### Records provided ###

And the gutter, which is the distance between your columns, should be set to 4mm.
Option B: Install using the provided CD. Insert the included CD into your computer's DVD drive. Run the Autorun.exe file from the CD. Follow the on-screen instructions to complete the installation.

###
### Records provided ###

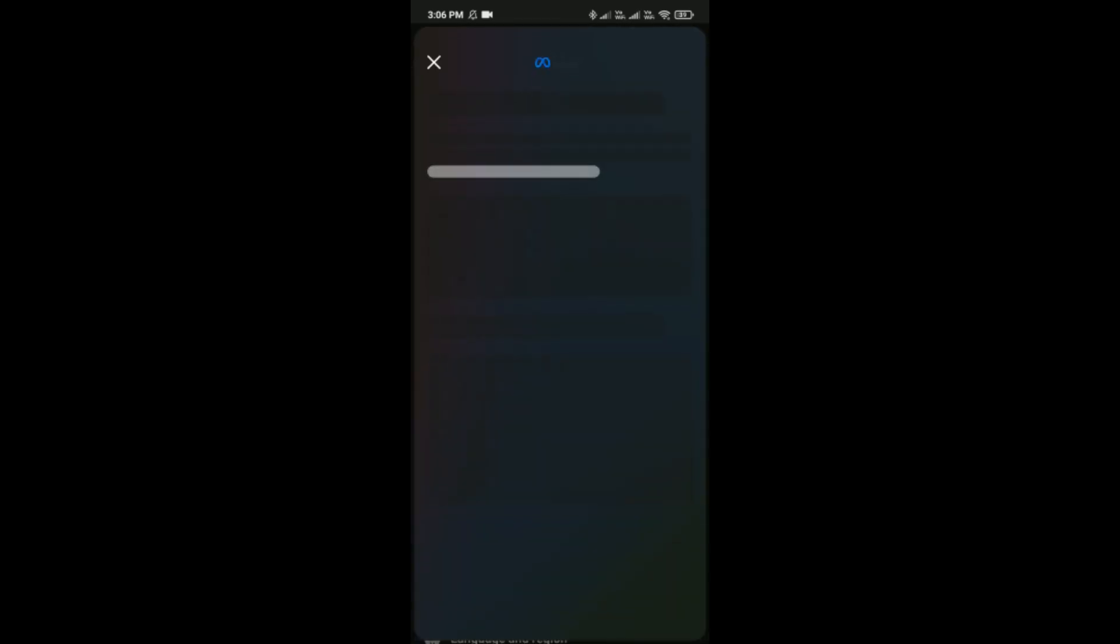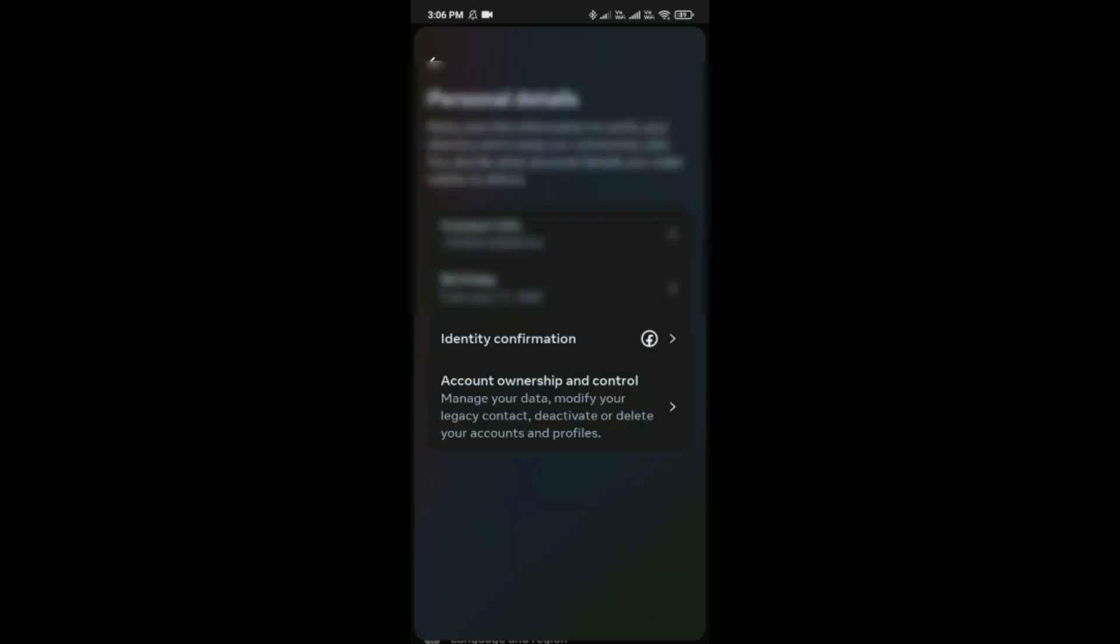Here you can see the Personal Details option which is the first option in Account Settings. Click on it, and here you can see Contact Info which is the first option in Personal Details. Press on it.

###

The problem. Transcribe the records above exactly, beginning at the line that contains "And the gutter, which" and ending with the line that contains "Option B: Install", both included, and nothing else.

Result of this exercise.
And the gutter, which is the distance between your columns, should be set to 4mm.
Option B: Install using the provided CD. Insert the included CD into your computer's DVD drive. Run the Autorun.exe file from the CD. Follow the on-screen instructions to complete the installation.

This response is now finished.